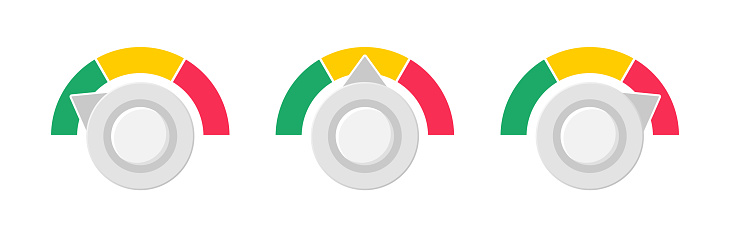 Speedometer colorful icons. Colored scale speed. Gauge meter icons. Indicator satisfaction. Green, red and yellow level dashboard with arrows. Vector illustration.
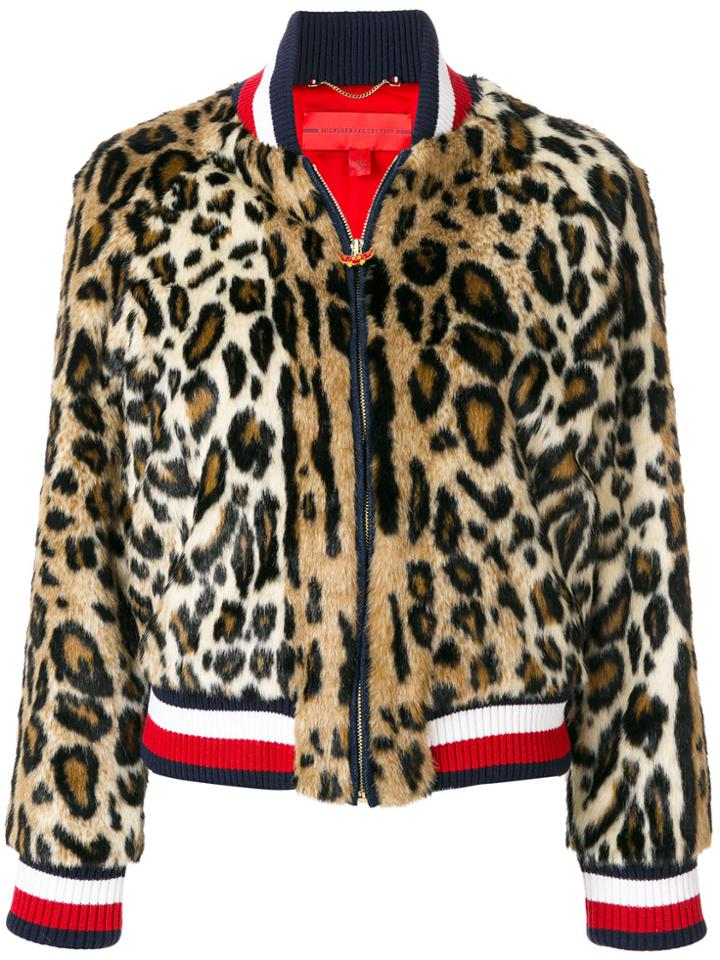 Hilfiger Collection Leopard Print Striped Bomber Jacket - Multicolour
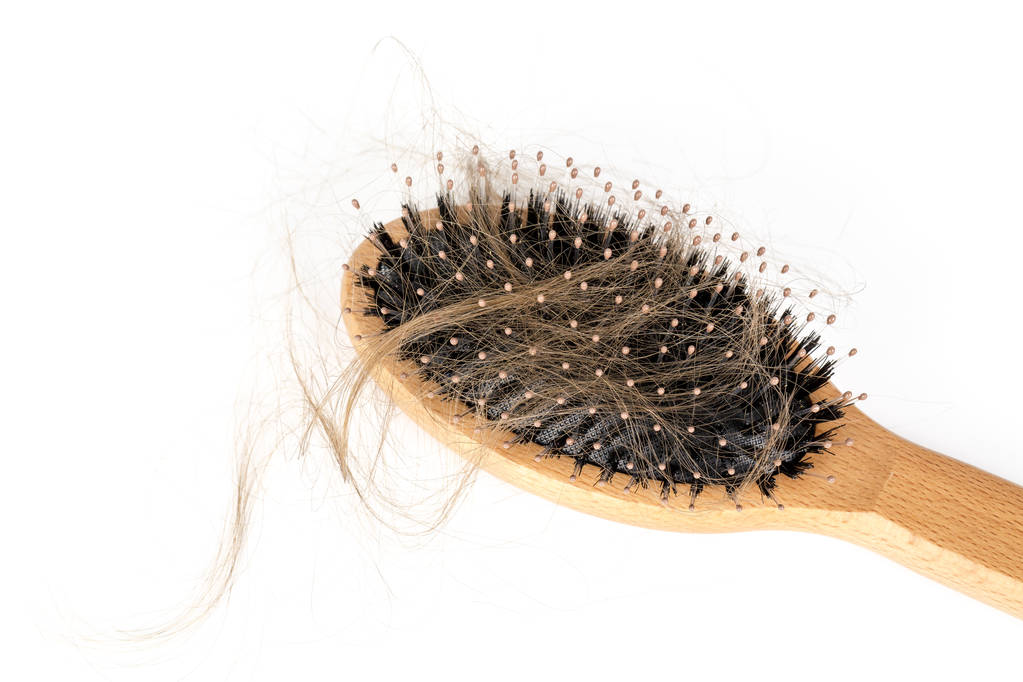 Escova de cabelo de madeira no fundo branco. Close-up com cabelos castanhos longos. Problema de perda de cabelo. Conceito de saúde
 - Foto, Imagem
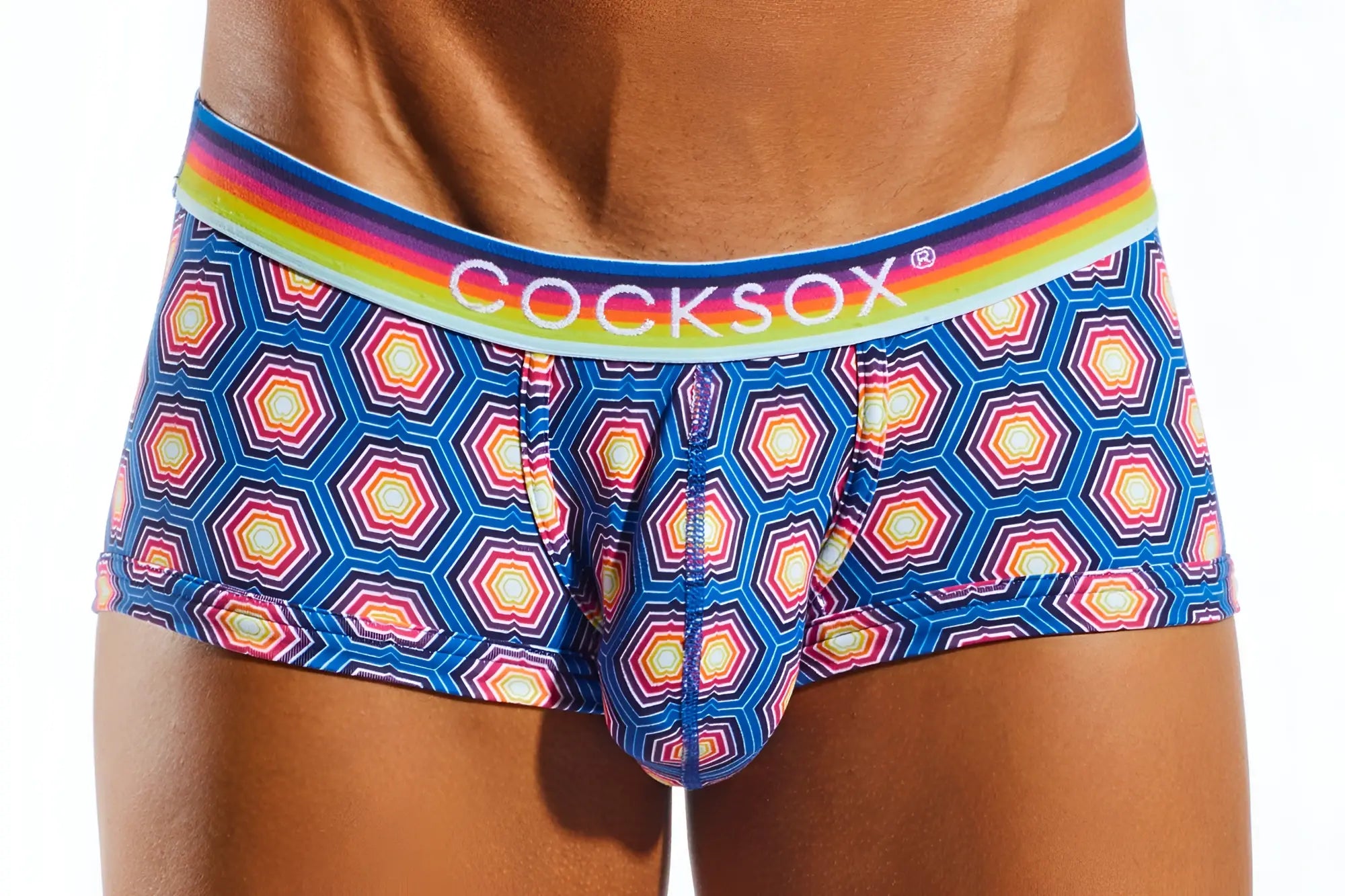 Cocksox cx68n trunk men’s briefs with blue rainbow stripes and vibrant pink yellow white geometric hexagonal pattern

# WORK REQUIRED
Reproduce the data above word for word from its first line through the line that holds "Hilfiger Collection Leopard", both ends included; skip pictures.

# THE ANSWER
 Speedometer colorful icons. Colored scale speed. Gauge meter icons. Indicator satisfaction. Green, red and yellow level dashboard with arrows. Vector illustration.
 Hilfiger Collection Leopard Print Striped Bomber Jacket - Multicolour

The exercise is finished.